Un ballet de fantômes hypnotique
Heureux – et courageux - cinéma iranien qui, en plus de Kiarostami, Panahi, Fahradi, Roustaee, et Rasoulof, peut également compter sur Mani Haghighi. Ces 107 minutes de drame d’une folle originalité attestent d’un vrai talent. À Téhéran, un homme et une femme découvrent par hasard qu’un autre couple leur ressemble trait pour trait. Passé le trouble et l’incompréhension va naître une histoire d’amour... et de manipulation. A lire ce pitch, on se dit qu’on nous en dit déjà trop. Eh bien, la performance scénaristique consiste à nous tenir en haleine de bout en bout avec les liens de plus en plus inextricables tissés par les 4 personnages. Diabolique !

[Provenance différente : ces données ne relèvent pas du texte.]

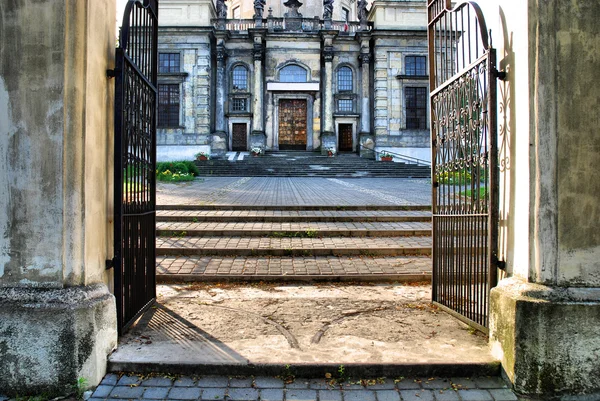 Escalier et portail anciens — Photo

De ce réalisateur iranien, je n’avais vu que Pig, en 2108, un film pour le moins déroutant. Déjà ! Même, si, il y a 5 ans, il faisait dans le burlesque et l’absurde, on trouvait un goût pout l’écriture d’histoires déjantées. Celle-ci est basée sur des questions existentielles telles : Qu’est-ce que cela ferait d’avoir un clone – ou un sosie parfait - ? Comment pourrait-on vivre avec cela ? Une question à la fois mystérieuse et très forte sur un plan purement dramaturgique. Le film emprunte à la fois au thriller psychologique, aux cinémas réaliste et fantastique. On ne trouve ici aucune stylisation superflue mais plutôt une approche frontale du sujet. Et rien n’est laissé au hasard. On peut s’interroger sur cette pluie torrentielle et permanente qui noie l’action de la 1ère à la dernière minute. Elle est, selon moi, le signe que l’histoire racontée n’est qu’une infime conséquence collatérale d’un problème beaucoup plus grand. Comme si l’univers tout entier était déréglé. Il faut oser ce moment rare de cinéma pas tout à fait comme les autres.
Le casting participe grandement à la réussite de ce drame avec le couple – j’allais dire « les couples » -, campé par Taraneh Alidoosti - Le Client, Leila et ses frères -, et Navid Mohammadzadeh, - La Loi de Téhéran, Leila et ses frères -, absolument remarquables car, à aucun moment ils ne jouent sur des détails pour caractériser leurs doubles personnages, mais simplement sur des subtilités psychologiques… très fort. Ajoutons les noms d’Esmail Poor-Reza et du petit Fahram Azizi, et je vous aurais tout dit sur ce film que je vous conseille de découvrir au plus vite. Un angoissant théâtre d’ombres dans un Téhéran transformé en capitale de la paranoïa, qui nous fait admettre un postulat parfaitement improbable. Un tour de force.